Alamsyah Saragih menjelaskan, berdasarkan analisis Ombudsman bersama KPK terhadap data 2019, dilakukan profiling terhadap 281 komisaris yang masih aktif di instansi asal.
Berdasarkan jabatan, rekam jejak karir dan pendidikan ditemukan sebanyak 91 komisaris (32%) berpotensi konflik kepentingan dan 138 komisaris (49%) tidak sesuai kompetensi teknis dengan BUMN dimana mereka ditempatkan.
Ombudsman menyimpulkan, bahwa terjadi sejumlah potensi maladministrasi rangkap jabatan pada komisaris BUMN disebabkan adanya benturan regulasi akibat batasan yang tidak tegas sehingga menyebabkan penafsiran yang berbeda dan cenderung meluas, serta adanya pelanggaran terhadap regulasi yang secara eksplisit telah mengatur pelarangan rangkap jabatan.
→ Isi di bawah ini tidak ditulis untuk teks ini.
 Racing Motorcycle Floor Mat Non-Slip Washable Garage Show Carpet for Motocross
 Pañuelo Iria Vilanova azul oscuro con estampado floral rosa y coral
Di samping itu, Alamsyah mengatakan bahwa dalam rangkap jabatan telah menyebabkan rangkap penghasilan dengan nomenklatur honor dan gaji. Hal ini menyebabkan penerapan prinsip imbalan berdasarkan “beban tambahan (incremental)” menjadi tidak akuntabel dan menimbulkan ketidakadillan.
Ombudsman juga menyoroti proses rekrutmen BUMN berdasarkan Peraturan Menteri BUMN Nomor 2 Tahun 2015 tentang Persyaratan Dan Tata Cara Pengangkatan dan Pemberhentian Anggota Dewan Komisaris dan Dewan Pengawas BUMN masih terdapat kelemahan seperti, potensi konflik kepentingan dalam penjaringan, potensi ketidakadilan proses dalam penilai persyaratan materiil sehingga mempengaruhi Akuntabilitas Kinerja Komisaris BUMN.
Sementara itu, terhadap perkembangan dan pelaksanaan saran perbaikan tersebut, Alamsyah mengatakan Ombudsman RI akan melakukan pemantauan perkembangan sesuai dengan peraturan perundang-undangan yang berlaku.
“Ombudsman juga akan melanjutkan reviu administratif terhadap proses rekrutmen Komisaris yang dilaksanakan berdasarkan Peraturan KementerianBUMN,” Alamsyah menegaskan.